_INFORMATION GIVEN_
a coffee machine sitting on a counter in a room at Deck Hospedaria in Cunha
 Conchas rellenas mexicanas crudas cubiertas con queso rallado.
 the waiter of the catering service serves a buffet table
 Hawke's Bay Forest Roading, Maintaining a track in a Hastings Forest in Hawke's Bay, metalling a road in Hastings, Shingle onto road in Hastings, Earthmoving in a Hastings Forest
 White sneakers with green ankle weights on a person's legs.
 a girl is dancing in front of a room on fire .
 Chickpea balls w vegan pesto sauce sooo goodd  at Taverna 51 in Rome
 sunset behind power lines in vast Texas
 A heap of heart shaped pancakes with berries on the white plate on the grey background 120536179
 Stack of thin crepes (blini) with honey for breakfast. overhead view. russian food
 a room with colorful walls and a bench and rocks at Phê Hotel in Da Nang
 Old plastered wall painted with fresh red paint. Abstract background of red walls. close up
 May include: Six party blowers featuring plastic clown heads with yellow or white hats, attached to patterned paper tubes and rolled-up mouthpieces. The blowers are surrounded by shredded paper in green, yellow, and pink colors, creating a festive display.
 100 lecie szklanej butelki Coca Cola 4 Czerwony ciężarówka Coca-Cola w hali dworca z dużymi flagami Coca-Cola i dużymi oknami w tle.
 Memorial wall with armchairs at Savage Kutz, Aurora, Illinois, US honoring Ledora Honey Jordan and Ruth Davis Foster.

_TASK GOAL_
Beginning at the line where "May include: Six" appears, extract each line through the end of the data above; keep them exact and include nothing else.

_TASK OUTPUT_
 May include: Six party blowers featuring plastic clown heads with yellow or white hats, attached to patterned paper tubes and rolled-up mouthpieces. The blowers are surrounded by shredded paper in green, yellow, and pink colors, creating a festive display.
 100 lecie szklanej butelki Coca Cola 4 Czerwony ciężarówka Coca-Cola w hali dworca z dużymi flagami Coca-Cola i dużymi oknami w tle.
 Memorial wall with armchairs at Savage Kutz, Aurora, Illinois, US honoring Ledora Honey Jordan and Ruth Davis Foster.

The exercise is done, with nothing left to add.